Start a serverλ︎
The very basics of starting an Http server with Jetty or Httpkit.
Projects containing application servers are typically started from the command line, especially when deployed.
During development an application server is typically managed via the REPL, either calling a or via a component lifecycle service (mount, integrant, component)
The -main functionλ︎
The -main
function is used to capture optional arguments to set configuration such as port and ip address. These values can either be passed as function arguments, operating system environment variables or default values.
Define a -main
function that optionally takes an argument that will be used as a port number to listen for requests.
A value is bound to the local name port
using either the argument to the -main
function, an operating system environment variable or the default port number.
(defn -main
"Start the application server on a specific port"
[& [port]]
(let [port (Integer. (or port
(System/getenv "PORT")
8080))]
(server-start port)))
The app-server-start
function starts a specific application server, eg. Jetty, http-kit-server.
Listen on Portλ︎
Application servers listen on a specific port for messages over HTTP/S which is set when starting the application server. Public facing application will receive requests over port 80, although for security reasons a firewall or proxy is placed in front of the application server which redirects traffic to an internal port number for the application server.
Cloud application platforms (Heroku, Google, AWS) provide a port number each time a new cloud environment (eg. container) is provisioned, so an application server should read in this dynamically assigned port number from the provided operating system environment variable.

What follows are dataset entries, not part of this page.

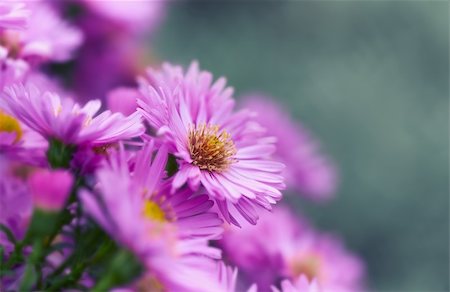 close up of autumn aster  flowers Stock Photo - Budget Royalty-Free & Subscription, Code: 400-06395759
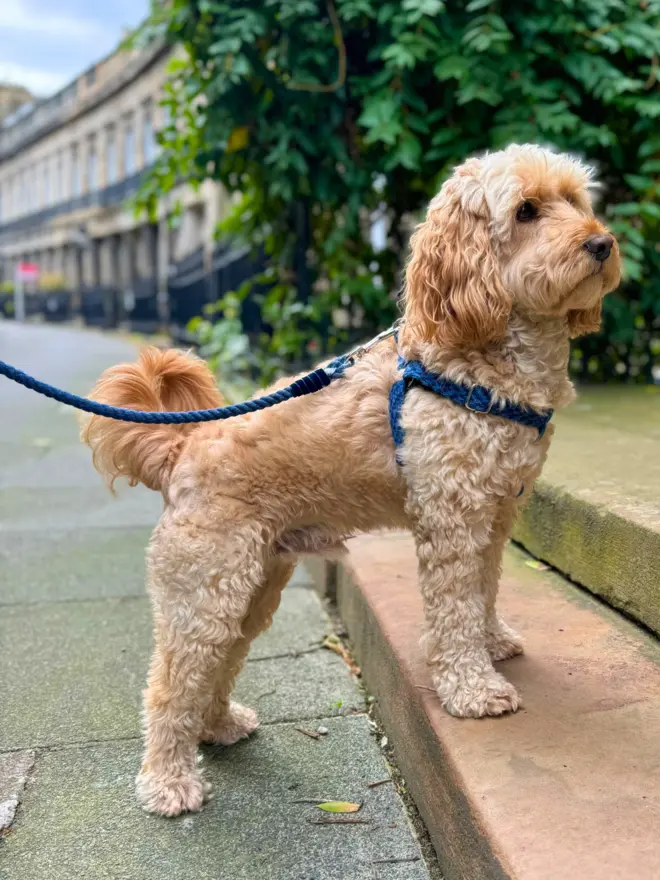 cockapoo standing on a step wearing a navy harness and matching lead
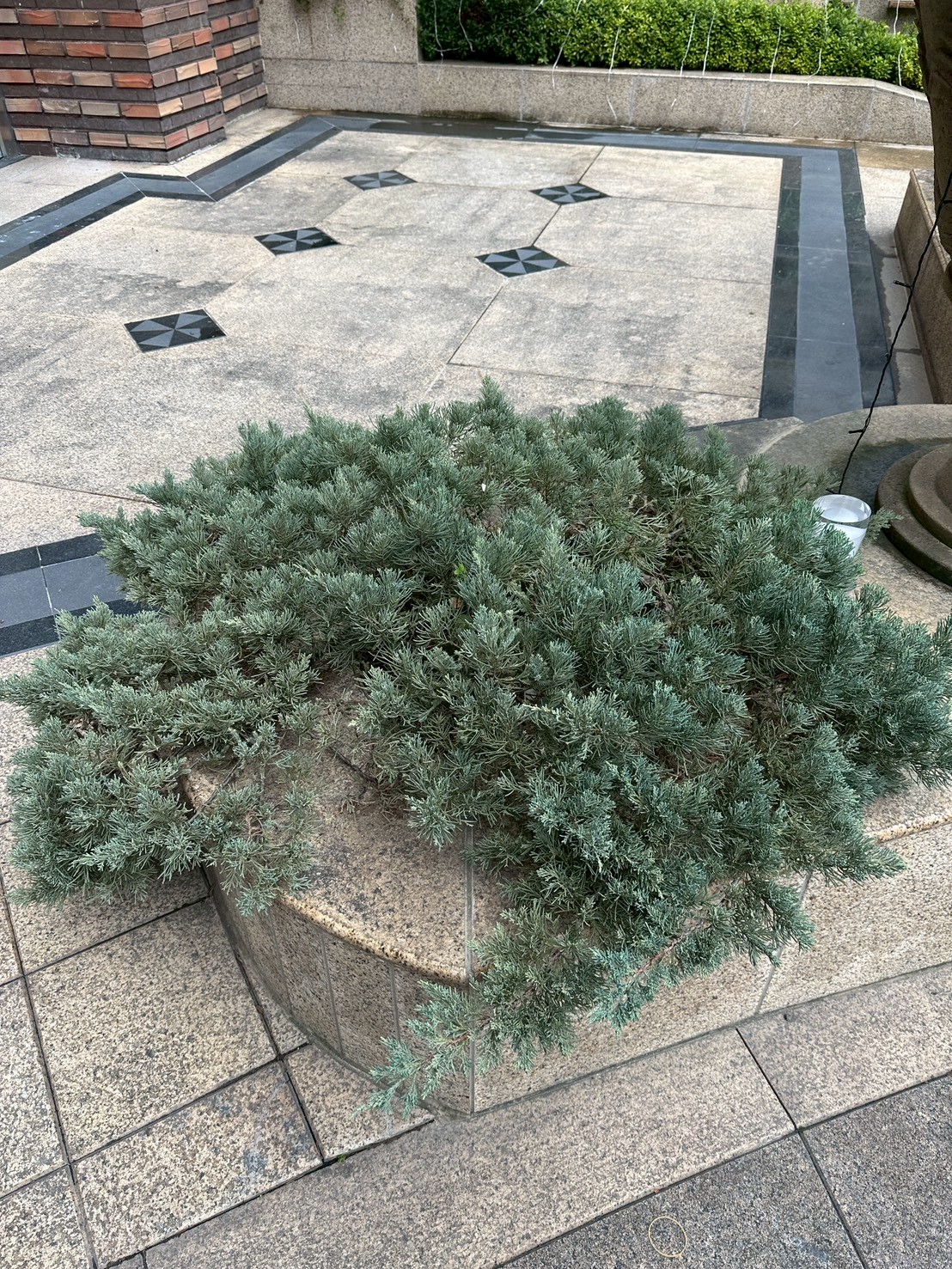 鋪地柏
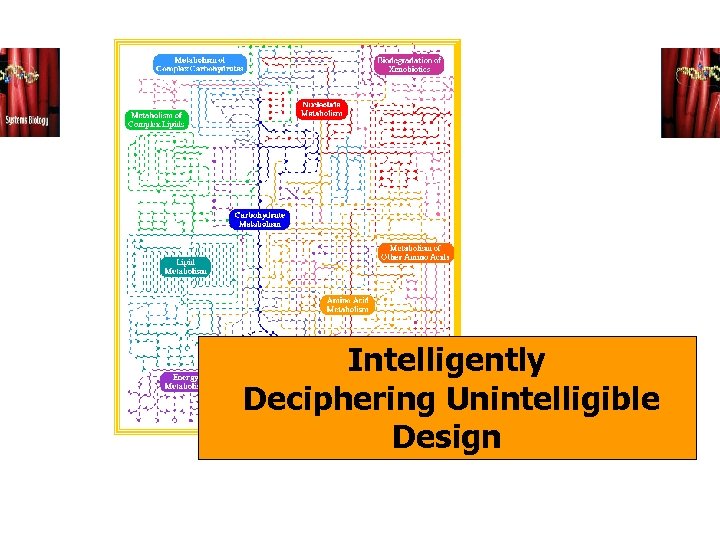 Intelligently Principia Deciphering Unintelligible Biologica Design 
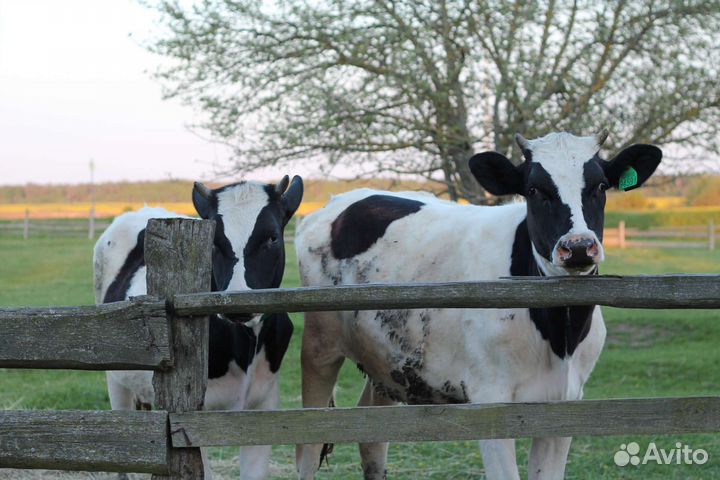 Тёлка тёлочка корова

Integer type port numberλ︎
(Integer. port-number)
will cast either a string or number to a JVM integer type. (Integer/parseInt port-number)
is also commonly used and has the same result.
These functions are used to ensure an Integer type value is passed to the application server. As Clojure uses Java application servers (Java app servers have decades of development) then the correct type must be passed to avoid error.
Get environment variablesλ︎
A common way to get environment variables from the operating system is to use the Java method, System/getenv
.
(System/getenv "PORT") returns the value of the `PORT` environment variable. If the variable is not set, then nil is returned (TODO: check what is actually returned)
System/getProperty
method will get specific values from Java .properties
files, usually from a system.properties
file in the root of the project. System/getProperties
will get all properties found in .properties
files in the project. Settings typically found in the system.properties
files include version of Java
(System/getenv)
returns a hash-map of all current environment variables. Wrap in a def
name to make a useful REPL tool to inspect the current environment variables available.
(comment
;; Get all environment variables
;; use a data inspector to view environment-variables name
(def environment-variables
(System/getenv))
)
Use tools such as the clojure inspector or data inspector tools in Clojure aware editors (e.g. CIDER inspector)
Environ library for environment variablesλ︎
Use environment variables as Clojure keywords.
weavejester/environ library will source environment settings from Leiningen and Boot configurations, the Operating System and Java system property files. The library works for Clojure and ClojureScript projects.
Include environ/environ.core library as a dependency in the Clojure project configuration
Require the library in the web-service namespace ns
form
Then call the env
function with a property name to return the value associated with that property.